I am getting a lot of profiling overhead when trying to profile my code using nvvp
(or with nvprof
Overall time is 98 ms and I'm getting 85 ms of "Instrumentation" in the first kernel launch.
How can I reduce this profiling overhead or otherwise zoom-in on just the part that I'm interested in?
I am running this with "Start execution with profiling enabled" unchecked and I've limited the profiling using cudaProfilerStart
like so:
/* --- generate data etc --- */
// Call the function once to warm up the FFT plan cache
applyConvolution( T, N, stride, plans, yData, phiW, fData, y_dwt );
gpuErrchk( cudaDeviceSynchronize() );
// Call it once for profiling
applyConvolution( T, N, stride, plans, yData, phiW, fData, y_dwt );
gpuErrchk( cudaDeviceSynchronize() );
where applyConvolution()
is the function that I'm profiling.
I am using CUDA Toolkit 8.0 on Ubuntu 16.04 with a GTX 1080.
As I was writing up this question, I thought I'd try messing around with the profiler settings to try and preempt some potential answer-in-comment material.
To my surprise, disabling "Enable concurrent kernel profiling" got rid of the profiler overhead completely:
But perhaps this shouldn't have been that much of a surprise:
Enable concurrent kernel profiling - This option should be selected for an application that uses CUDA streams to launch kernels that can execute concurrently.

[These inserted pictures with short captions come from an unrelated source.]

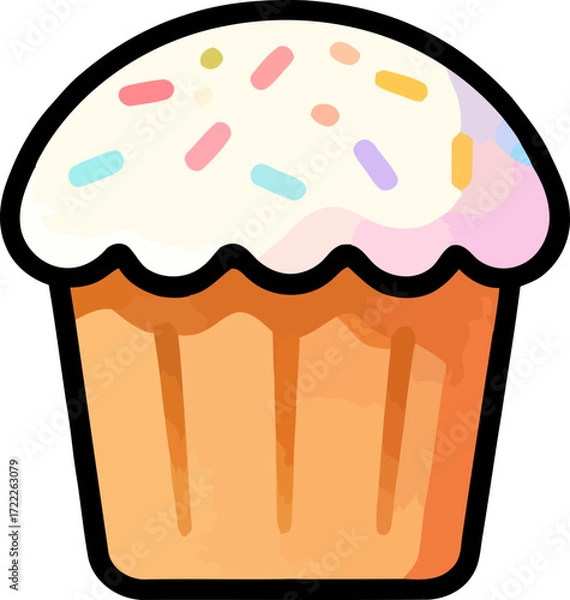 Fototapeta Colorful cupcake with frosting and sprinkles on a light background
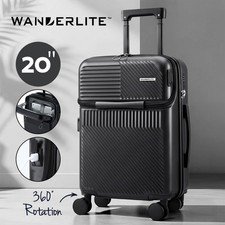 40% off | Wanderlite 20″ Luggage Suitcase Front Pocket Travel Carry On TSA Black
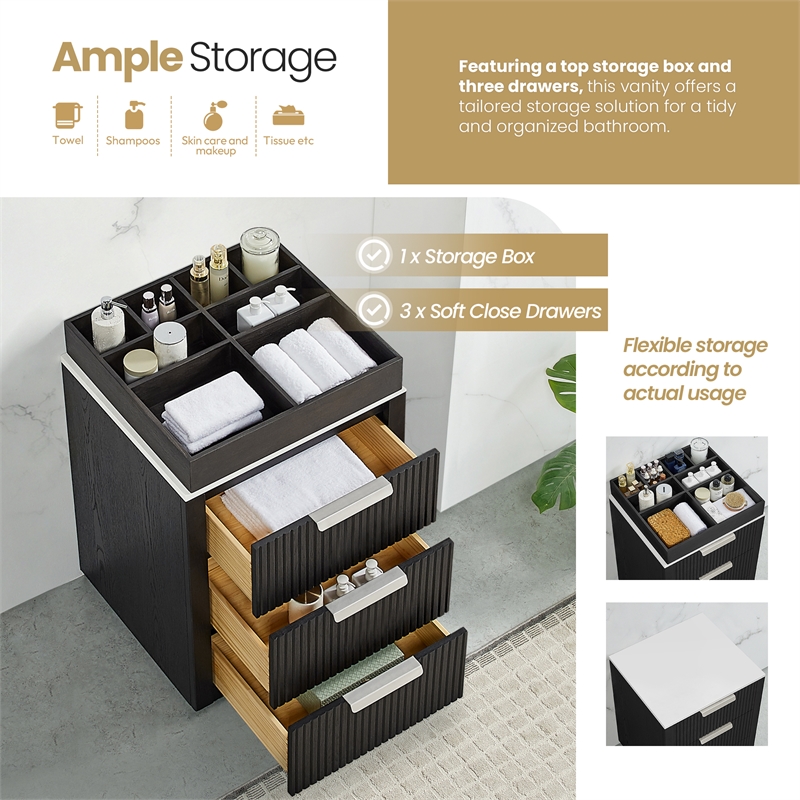 Santarem 24in. Oak Weathered Black Solid Wood Storage Cabinet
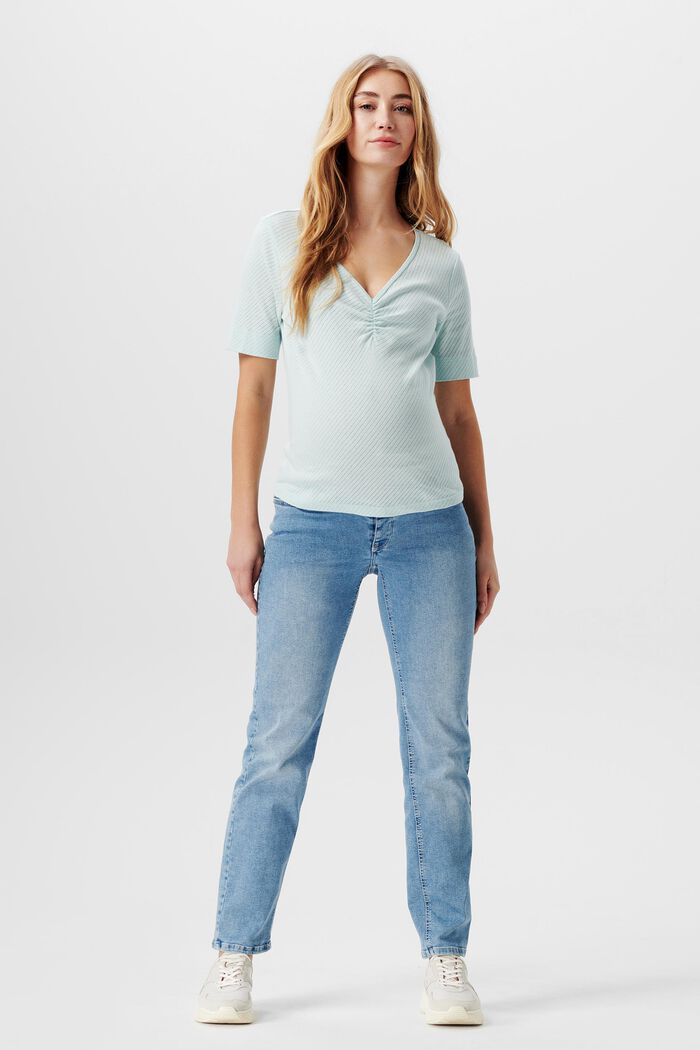 Pointelle-T-shirt, økologisk bomuld, PASTEL BLUE, detail image number 0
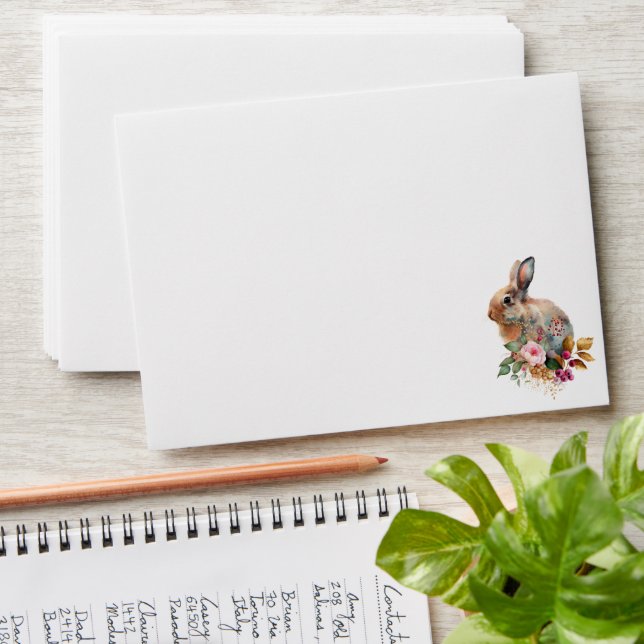 Watercolor Floral Easter Envelope (Stacked)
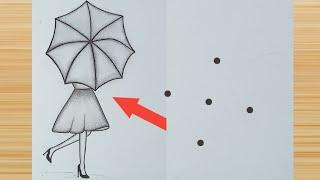 Easy : Girl with umbrella drawing picture-very easy pencil drawing drawing girl umbrella with women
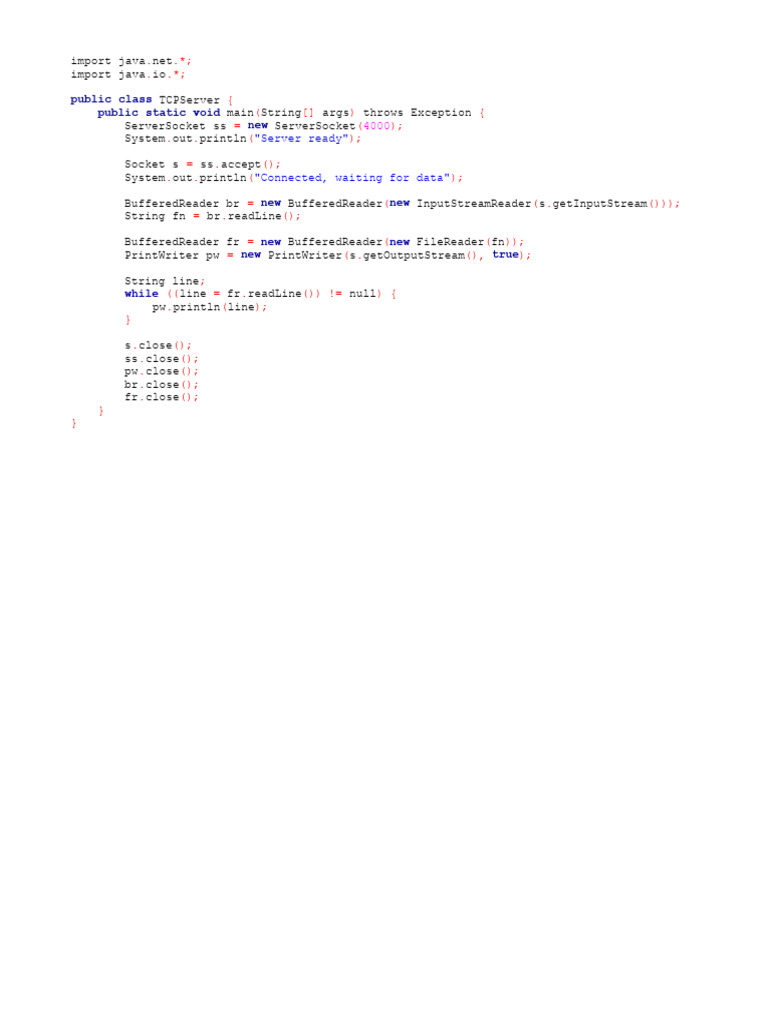 Java TCP Server File Transfer Code | PDF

If the application uses only a single stream (and therefore cannot have concurrent kernel execution), deselecting this option may decrease profiling overhead.
(taken from http://docs.nvidia.com/cuda/profiler-users-guide/)
An earlier version of the CUDA Profiler User's Guide also noted in a "Profiling Limitations" section that:
Concurrent kernel mode can add significant overhead if used on kernels that execute a large number of blocks and that have short execution durations.
Oh well. Posting this question/answer anyways in case it helps someone else avoid this annoyance.